> **What you need to do**
In the listing that follows, locate the line containing "TJHRA Texas Jr." and the line containing "Téléchargez les illustrations". Retype exactly those two lines and every line between them, and nothing more.

> **Source information**
————————

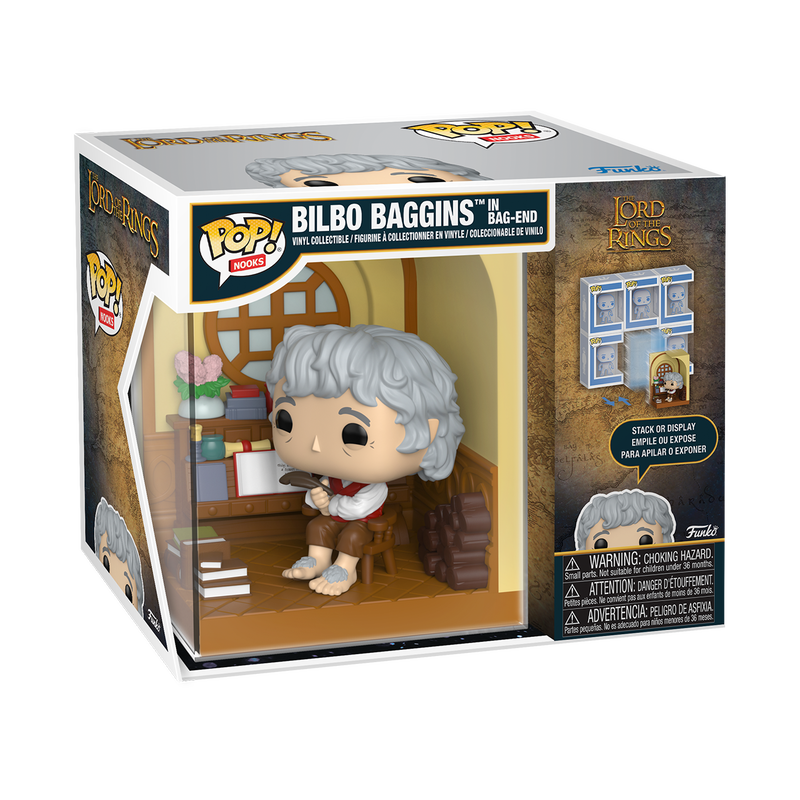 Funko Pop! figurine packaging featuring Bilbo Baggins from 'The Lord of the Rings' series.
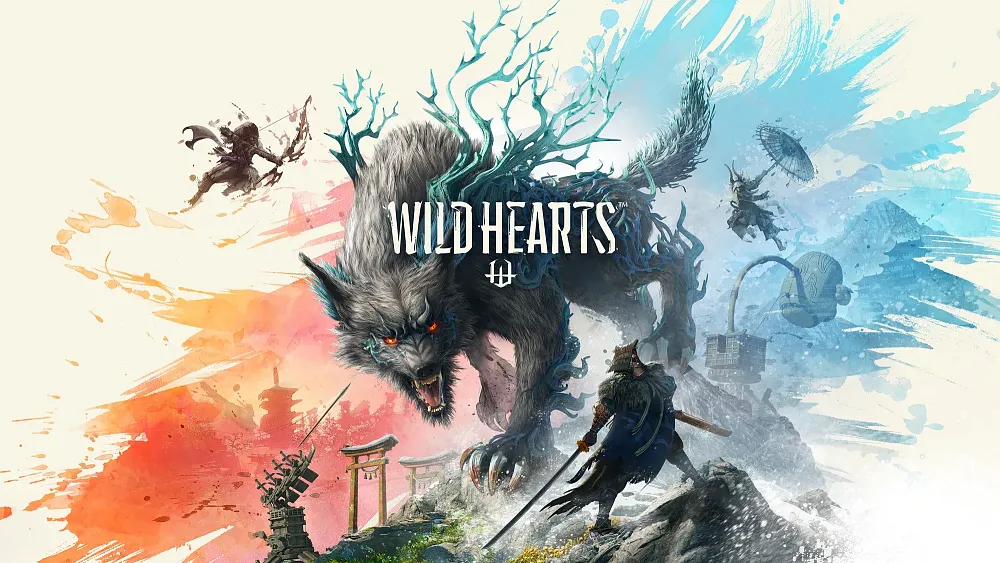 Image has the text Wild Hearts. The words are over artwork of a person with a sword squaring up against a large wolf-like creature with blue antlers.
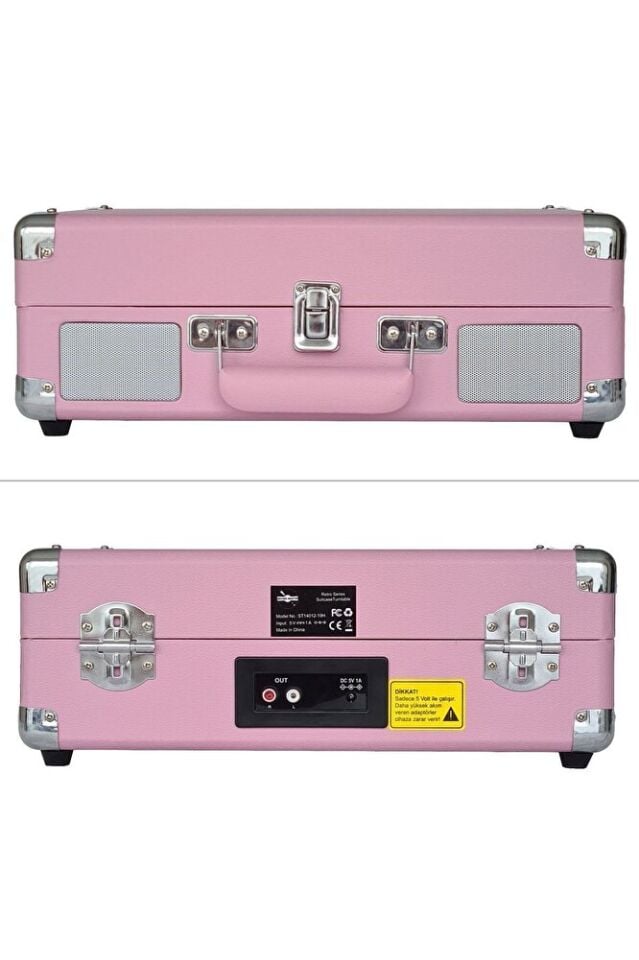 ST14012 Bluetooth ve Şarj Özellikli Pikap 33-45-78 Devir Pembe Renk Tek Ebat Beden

————————

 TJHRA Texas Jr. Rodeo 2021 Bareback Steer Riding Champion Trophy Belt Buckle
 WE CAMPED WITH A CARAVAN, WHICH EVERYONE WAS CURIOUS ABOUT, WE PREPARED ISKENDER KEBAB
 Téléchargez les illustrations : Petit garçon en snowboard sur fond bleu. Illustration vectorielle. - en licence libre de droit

————————

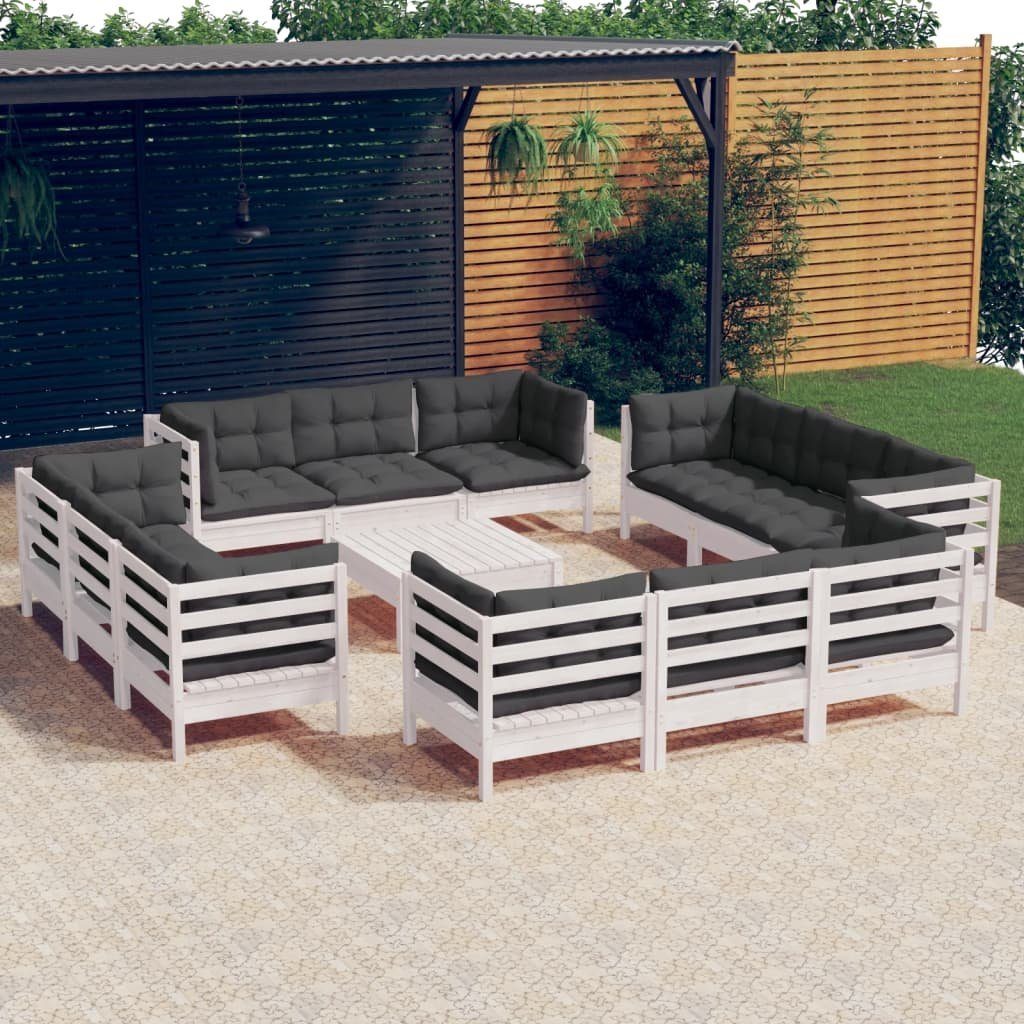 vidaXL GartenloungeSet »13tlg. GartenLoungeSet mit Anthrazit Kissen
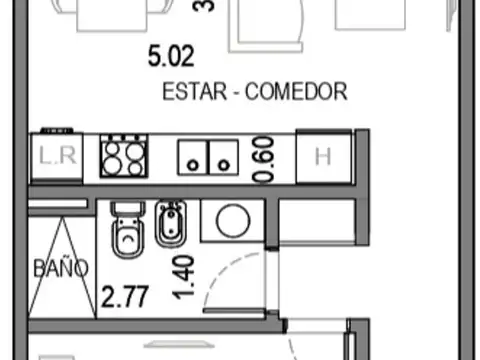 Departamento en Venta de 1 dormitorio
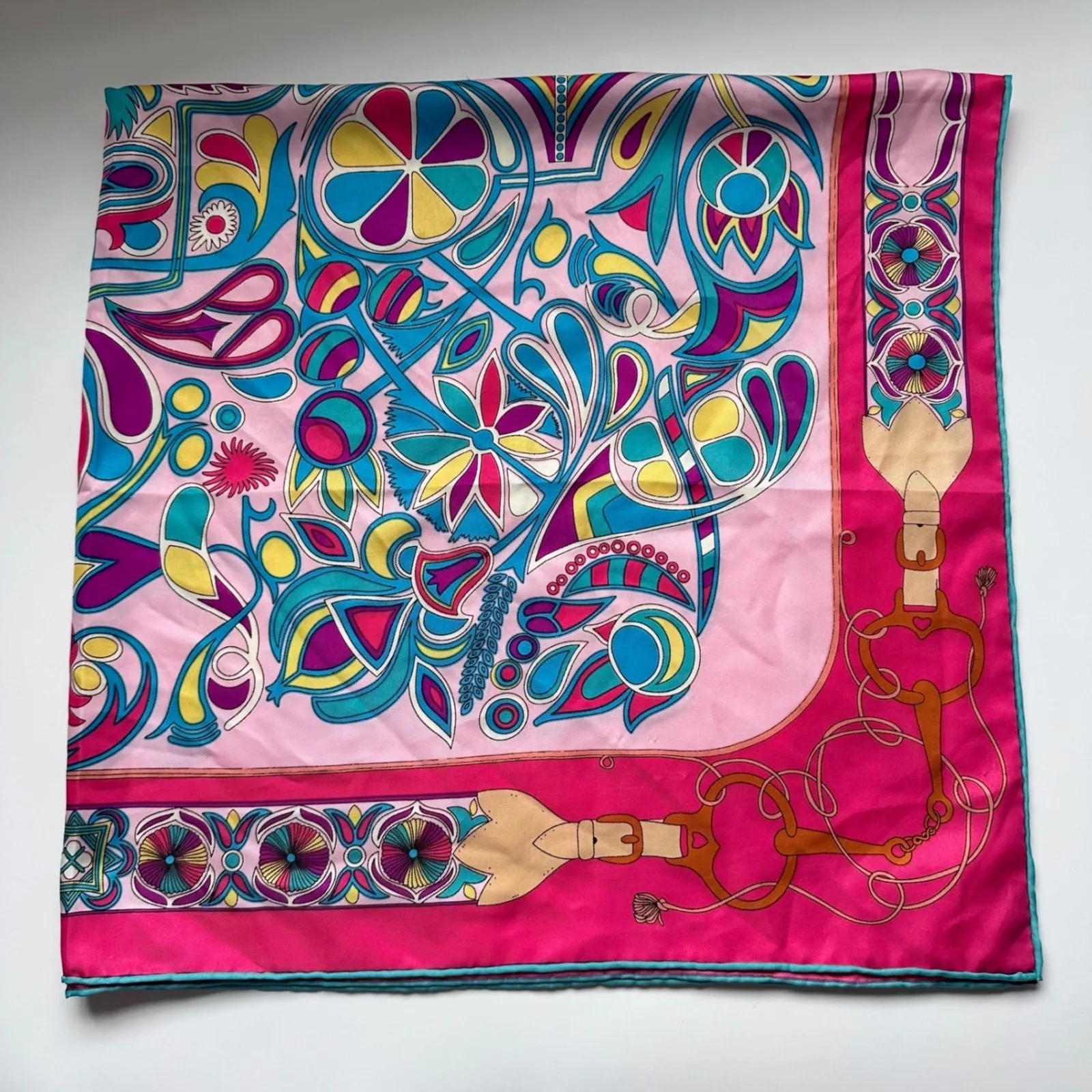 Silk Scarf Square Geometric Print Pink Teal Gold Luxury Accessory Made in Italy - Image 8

————————

> **Answer space**
 TJHRA Texas Jr. Rodeo 2021 Bareback Steer Riding Champion Trophy Belt Buckle
 WE CAMPED WITH A CARAVAN, WHICH EVERYONE WAS CURIOUS ABOUT, WE PREPARED ISKENDER KEBAB
 Téléchargez les illustrations : Petit garçon en snowboard sur fond bleu. Illustration vectorielle. - en licence libre de droit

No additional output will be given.